The computing system 170 includes at least one processing unit 102 and at least one memory 104. Each processing unit 102 may be a general-purpose processor or a specialized processor such as a neural processing unit.

The computing system 170 may also have additional features and/or functionality. For example, the system 100 may also include additional storage (removable and/or non-removable). Such additional storage is illustrated in FIG. 1 by removable storage 108 and non-removable storage 120. The computing system 170 may also include one or more communications connections 122 that allow the computing system to communicate with other devices such as but not limited to the pruning hardware unit 190. The computing system 170 also includes input device(s) 124 such as keyboard, mouse, pen, voice input device, touch input device, etc. Output device(s) 126 such as a display device, speakers, printer, etc., may also be included.

In the example of FIG. 1, the memory 104 includes computer-readable instructions, data structures including databases, program modules, and the like associated with a training engine 150. The training engine 150 trains a neural network over multiple training iterations or epochs. In each iteration or epoch, the training engine 150 trains the neural network on a respective mini-batch of training data, each mini-batch consisting of tens to hundreds of samples of training data, for example. In general, the training engine 150 determines weights and gradients of an objective (loss) function that characterizes the accuracy of a neural network, and then uses that information to adjust the weights to improve the accuracy of the neural network. The training engine 150 may use, for example, backward propagation algorithms to determine and fine-tune the weights at the neurons (or nodes) of a neural network based on the magnitudes or absolute values of errors calculated in a previous epoch or iteration.

In embodiments according to the present disclosure, the computing system 170 outputs weights 172 and gradients 174 from the training engine 150 to the pruning hardware unit 190. In embodiments, a prune indicator 176 is associated with each weight. In embodiments, the prune indicator 176 is a one-bit value that indicates whether or not an associated weight is unpruned or has been previously pruned. The prune indicator 176 has one value if the weight is unpruned (e.g., the bit is set and has a value of one), and a different value if the weight has been previously pruned (e.g., the bit is cleared and has a value of zero). As described below, a pruned weight also has a value of zero; when a weight is pruned, its value is set to zero. The value of the prune indicator 176 is determined by the pruning hardware unit 190, as described further below.
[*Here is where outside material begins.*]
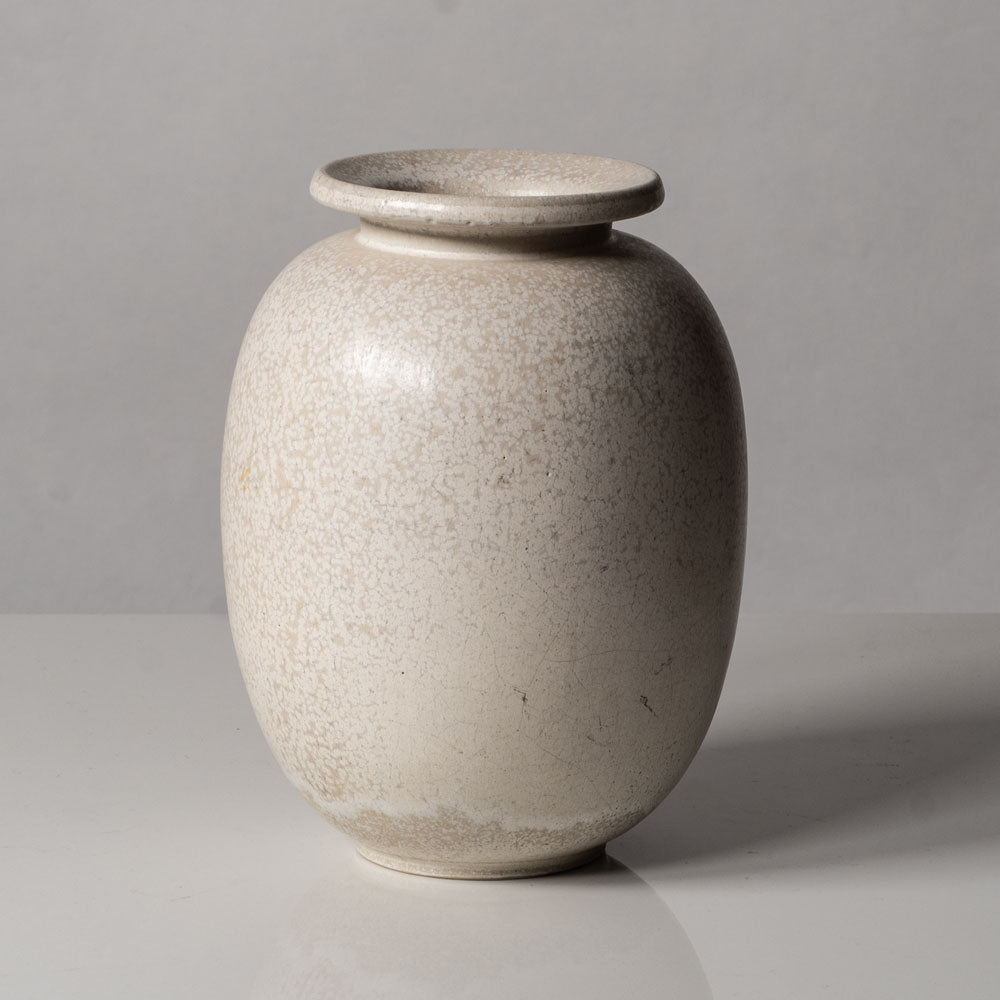 Gunnar Nylund for Rörstrand, Sweden, ovoid vase with white glaze L3359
In embodiments, the computing system 170 (specifically, the training engine 150) communicates with the pruning hardware unit 190 via an application programming interface (API) 180. The API 180 may be implemented on the computing system 170 or on the pruning hardware unit 190. In embodiments, the API 180 is a software interface; however, the disclosure is not so limited. For example, the functionality provided by the API 180 can instead be provided by a hardware controller.

FIG. 2 is a block diagram illustrating the pruning hardware unit 190 in embodiments according to the present disclosure. In general, the pruning hardware unit 190 includes modules 210, 220, and 230 controlled by a controller 250. The pruning hardware unit 190 is configured to: receive, from the training engine 150, inputs including the weights 172, gradients 174, and a prune indicator 176 per weight; select unpruned weights for pruning; prune the unpruned weights selected for pruning; update the prune indicator per weight for the weights that are selected and pruned; and provide the updated prune indicator per weight to the training engine 150.

In some embodiments, the weight criteria compute module 210 may receive the aforementioned inputs from the training engine 150, and output criteria of weights 212 for the unpruned weights only. That is, the weight criteria compute module 210 does not operate on or use pruned weights. As mentioned above, the value of the prune indicator 176 indicates whether the weight is a pruned weight or an unpruned weight. The weight criteria compute module 210 is further described in conjunction with FIG. 3.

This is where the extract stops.